(Short descriptive text snippets)
+-------+
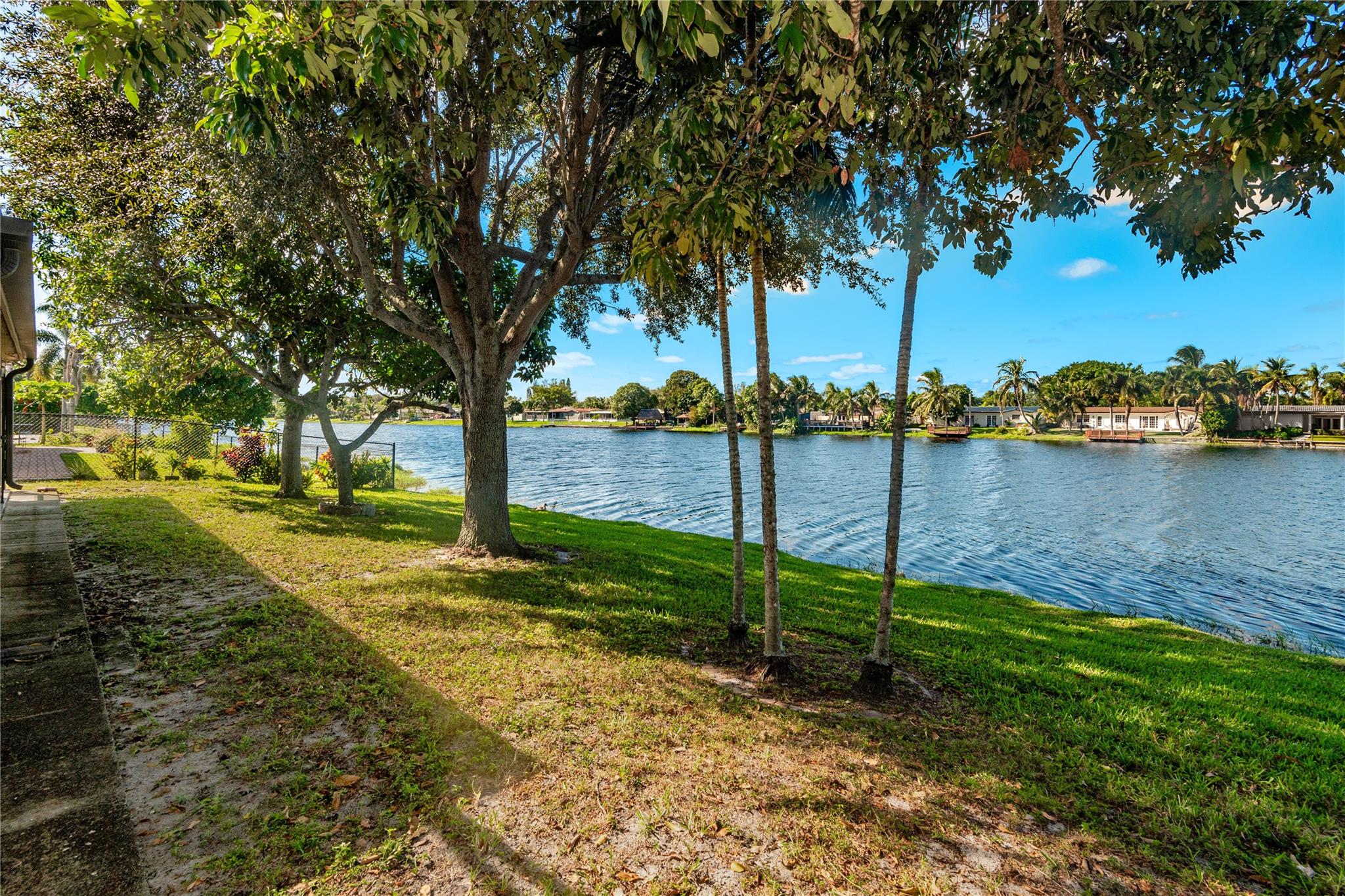 Pembroke Lakes - Residential
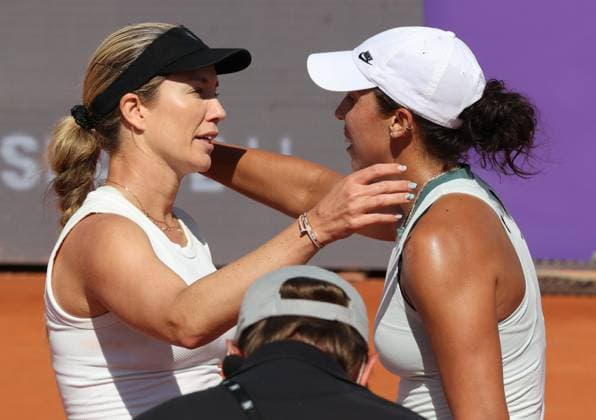 INTERNATIONAUX TENNIS FEMININ 2024 PHOTOPQR L ALSACE Jean-Marc LOOS ; Strasbourg ; 25 05 2024 ; Madison Keys (USA) à droite remporte le Internationaux de tennis féminin ( IS) face à Danielle Collins (USA) à gauche à Strasbourg le 25 mai 2024. Internationaux de Strasbourg on May 25, 2024 Strasbourg Bas-Rhin Alsace France  Copyright: xPHOTOPQR L ALSACE MAXPPPxJean-MarcxLOOSx 20240525ALS8515 20240525ALS8515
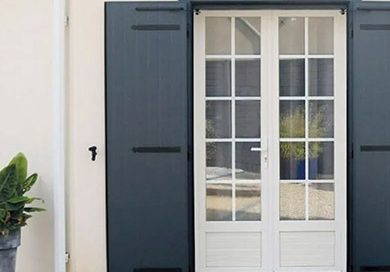 Volet battant motorisé solaire gris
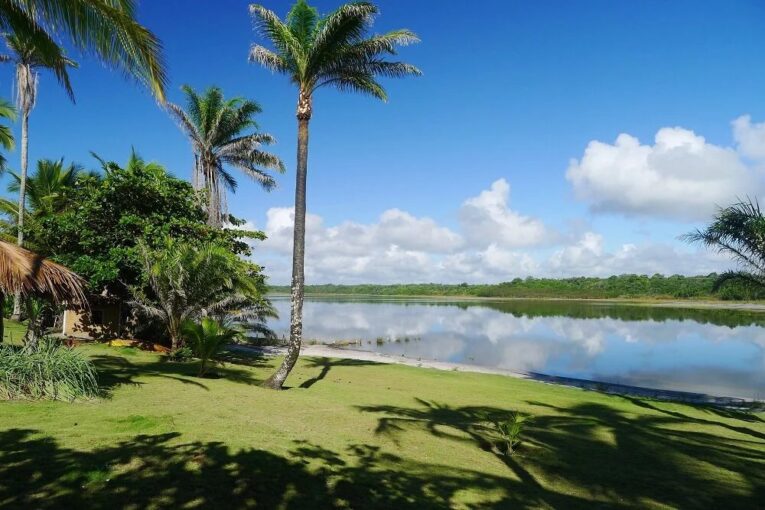 Complexe unique de 14 hectares en front de mer situé à Marau-Bahia – 16 pièces – NR chambres – 140000 m²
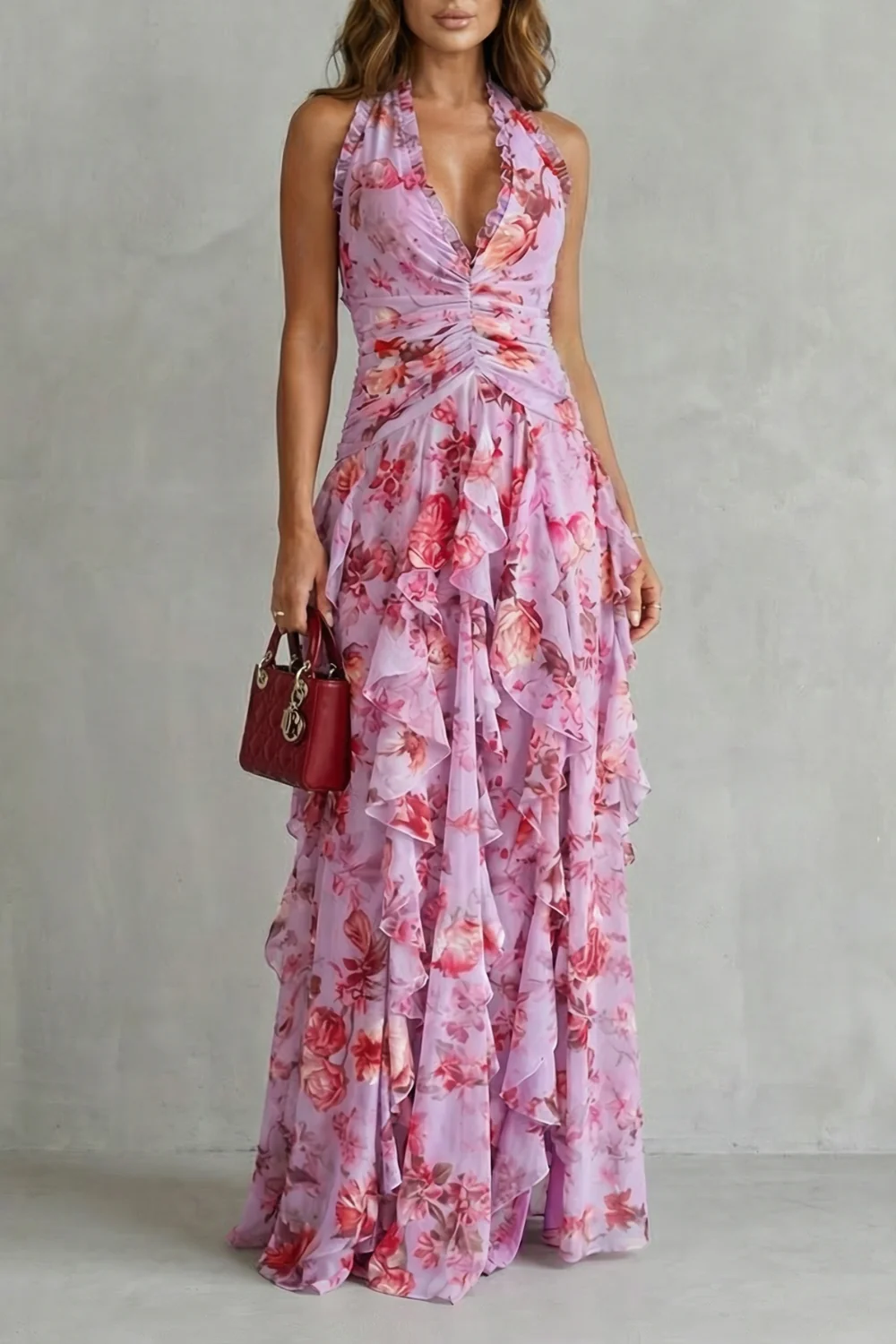 Belén | Vestido largo romántico con escote halter y cascada de rosas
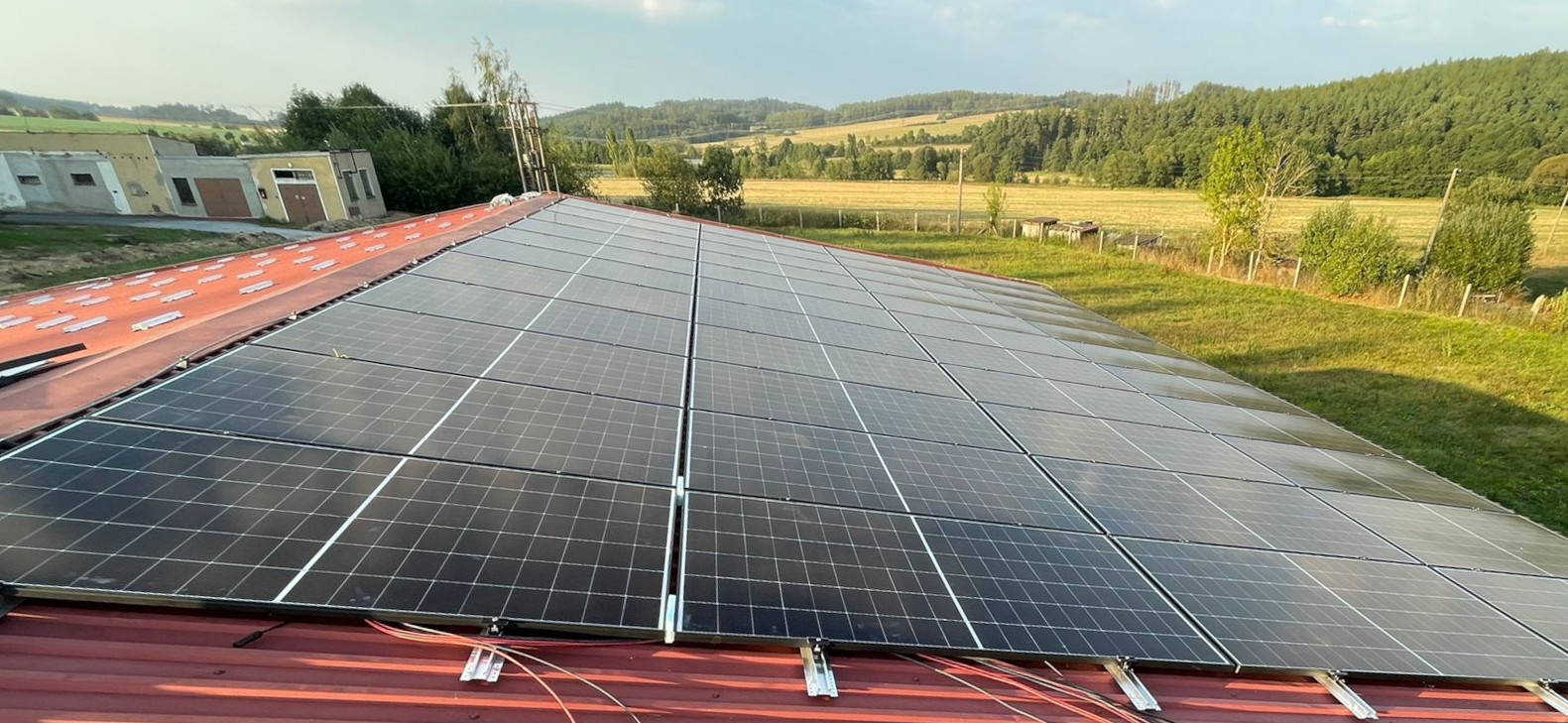 Fotovoltaické panely na střeše domu ve Středočeském kraji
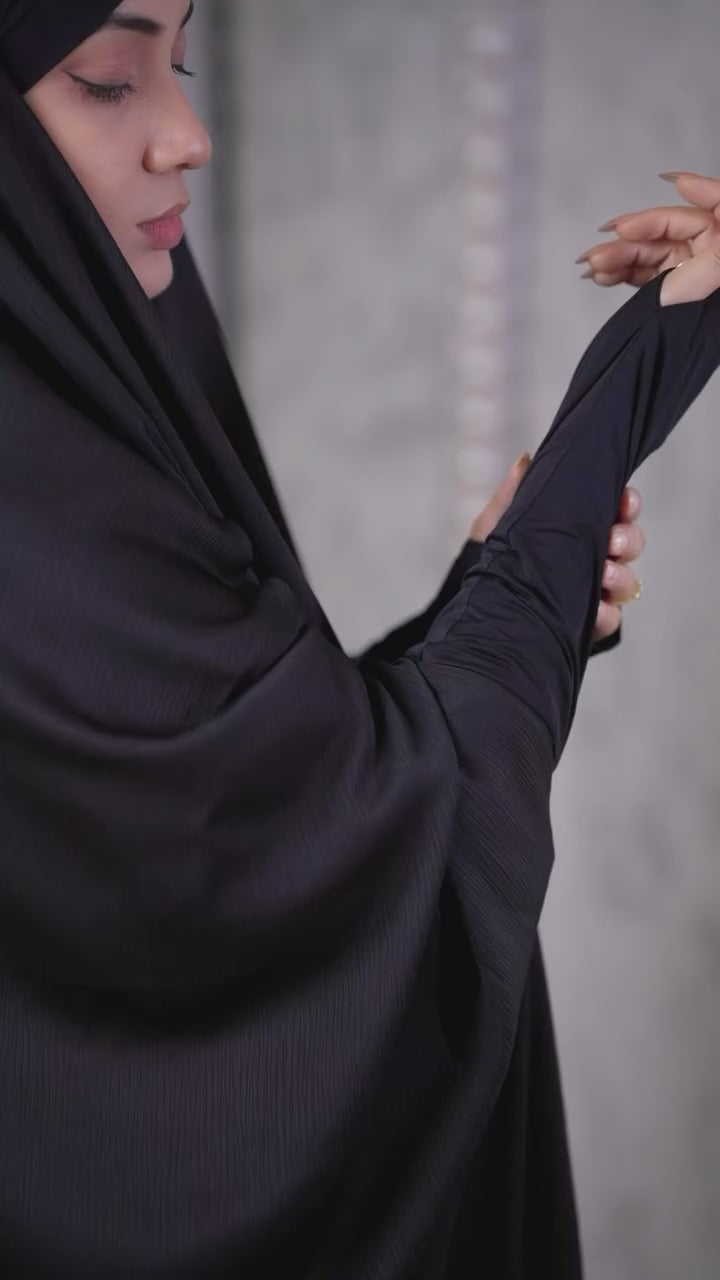 Hoorayn Jilbab Black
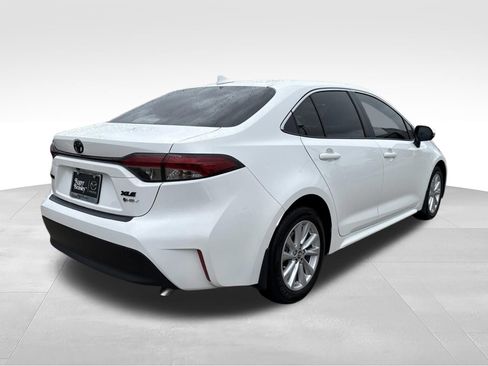 Used 2026 Toyota Corolla XLE FWD image 5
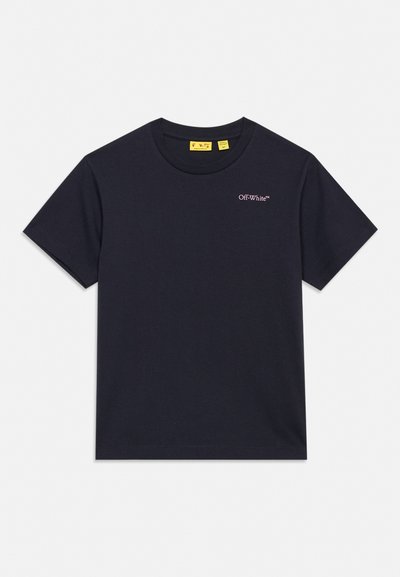 Черна тениска с къс ръкав и кръгло деколте с малко бяло лого "Off-White" от лявата страна на гърдите и жълти етикети отвътре на яката.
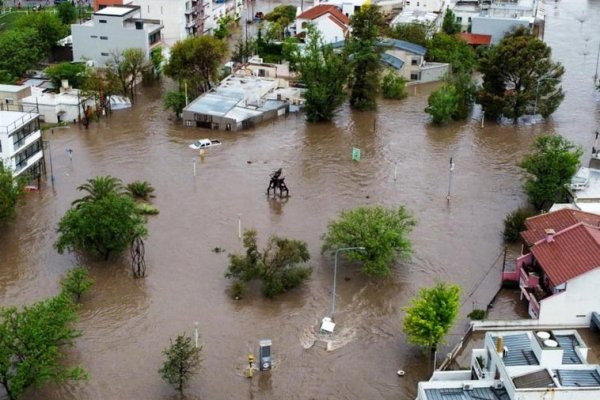 Al menos seis muertos por fuerte temporal en Argentina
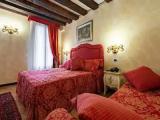 Double Suite with canal view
+-------+
» Requirement:
Here the lines from the one with "Hoorayn Jilbab Black" through the last line of the data above need to be repeated exactly, both included, and any picture omitted.

» Written reply:
 Hoorayn Jilbab Black
 Used 2026 Toyota Corolla XLE FWD image 5
 Черна тениска с къс ръкав и кръгло деколте с малко бяло лого "Off-White" от лявата страна на гърдите и жълти етикети отвътре на яката.
 Al menos seis muertos por fuerte temporal en Argentina
 Double Suite with canal view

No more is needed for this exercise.